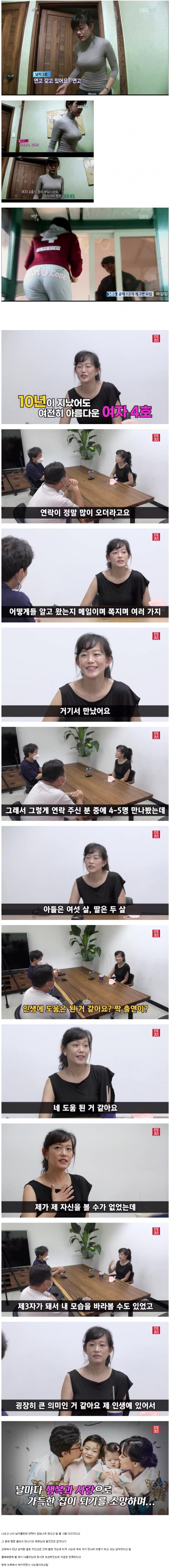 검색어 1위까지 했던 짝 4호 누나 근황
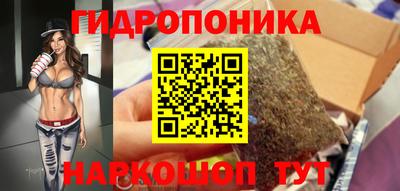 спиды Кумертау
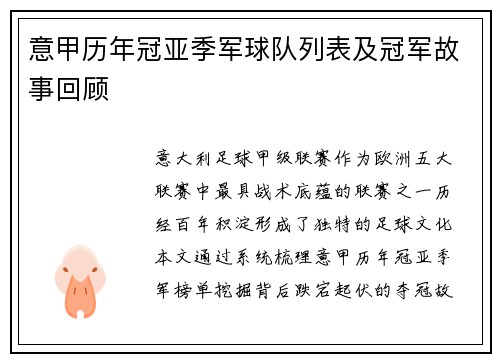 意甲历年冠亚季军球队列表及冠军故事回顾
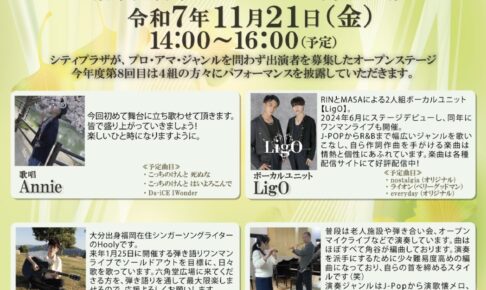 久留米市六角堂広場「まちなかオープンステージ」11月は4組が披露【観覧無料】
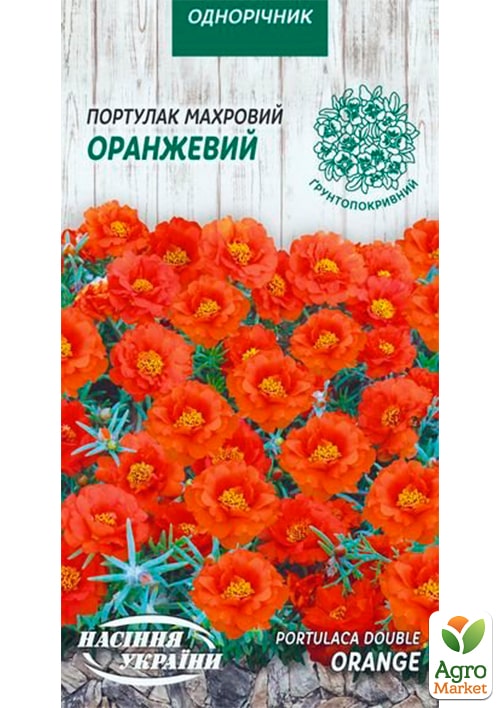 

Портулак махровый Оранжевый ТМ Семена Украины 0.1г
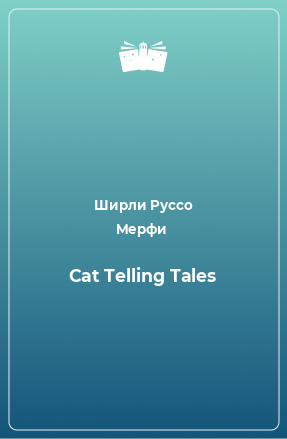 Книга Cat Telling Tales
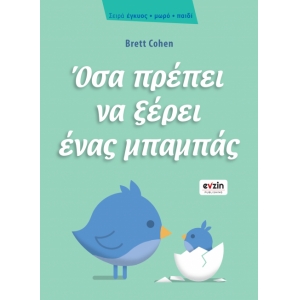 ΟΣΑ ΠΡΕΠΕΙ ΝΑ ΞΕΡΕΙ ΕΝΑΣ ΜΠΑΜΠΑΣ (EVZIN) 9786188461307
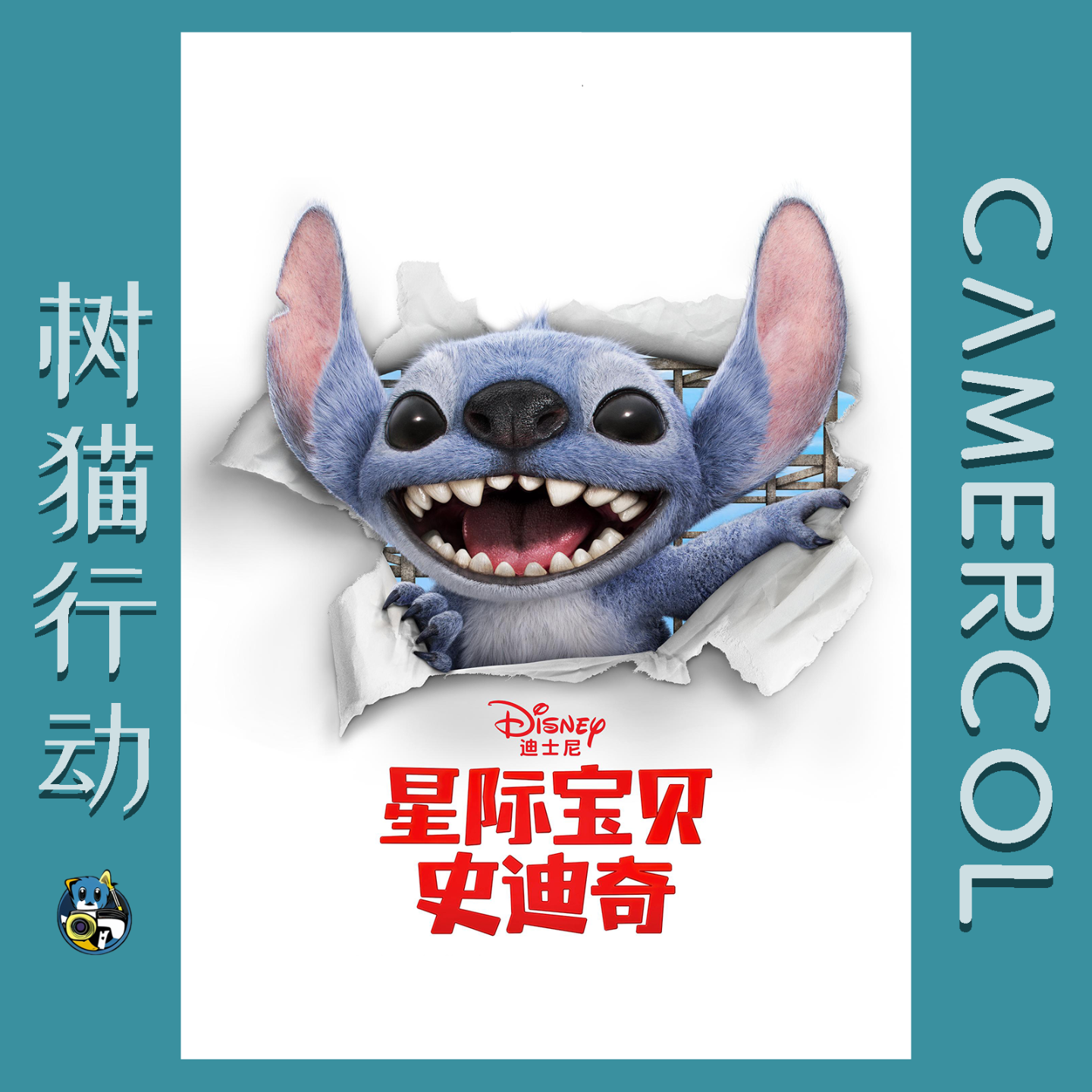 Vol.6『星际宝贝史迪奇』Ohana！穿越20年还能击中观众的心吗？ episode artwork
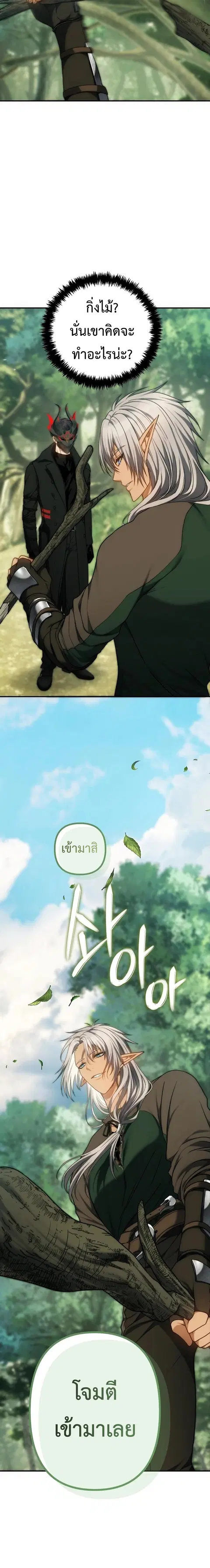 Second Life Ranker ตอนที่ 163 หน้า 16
...
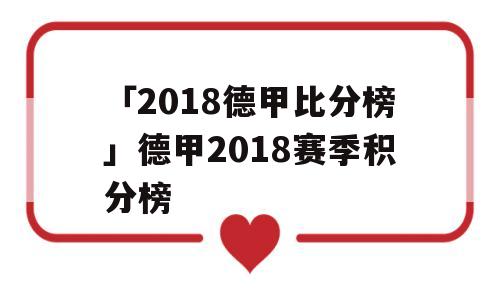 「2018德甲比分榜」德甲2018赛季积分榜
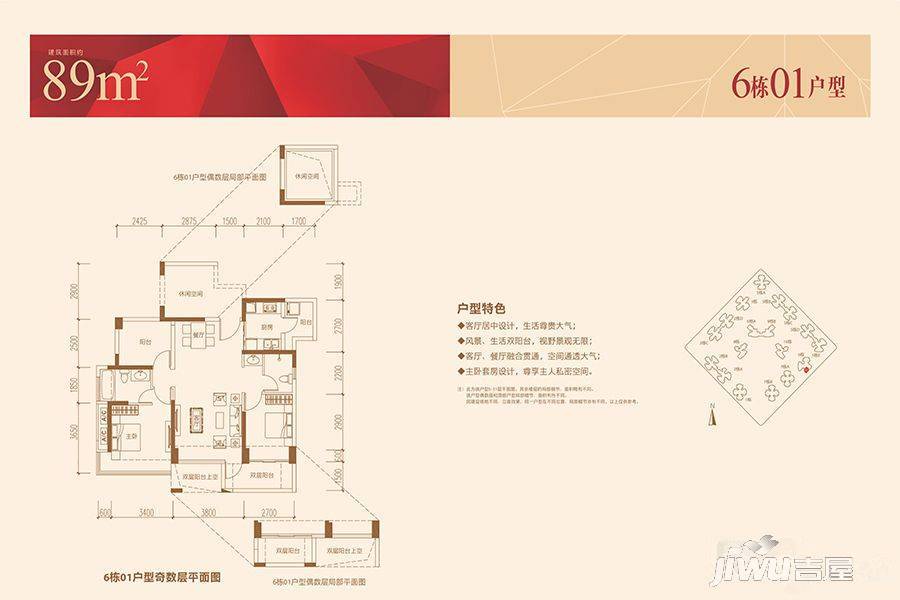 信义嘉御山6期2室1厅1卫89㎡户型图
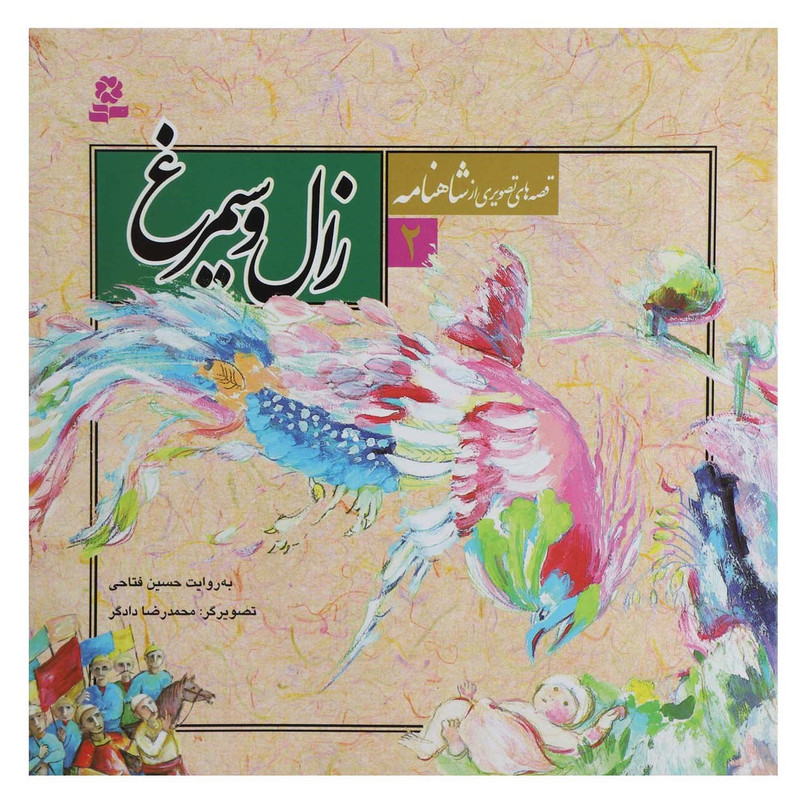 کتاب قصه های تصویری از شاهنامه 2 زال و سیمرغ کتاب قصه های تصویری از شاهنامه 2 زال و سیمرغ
---
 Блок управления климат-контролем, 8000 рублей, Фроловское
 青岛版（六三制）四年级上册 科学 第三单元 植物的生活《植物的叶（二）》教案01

Exercise prompt: Above are some records; extract exactly the lines from the one containing "ΟΣΑ ΠΡΕΠΕΙ ΝΑ" through the one containing "Second Life Ranker ตอนที่ 163 หน้า 16" and drop the pictures.

Answer below:
 ΟΣΑ ΠΡΕΠΕΙ ΝΑ ΞΕΡΕΙ ΕΝΑΣ ΜΠΑΜΠΑΣ (EVZIN) 9786188461307
 Vol.6『星际宝贝史迪奇』Ohana！穿越20年还能击中观众的心吗？ episode artwork
 Second Life Ranker ตอนที่ 163 หน้า 16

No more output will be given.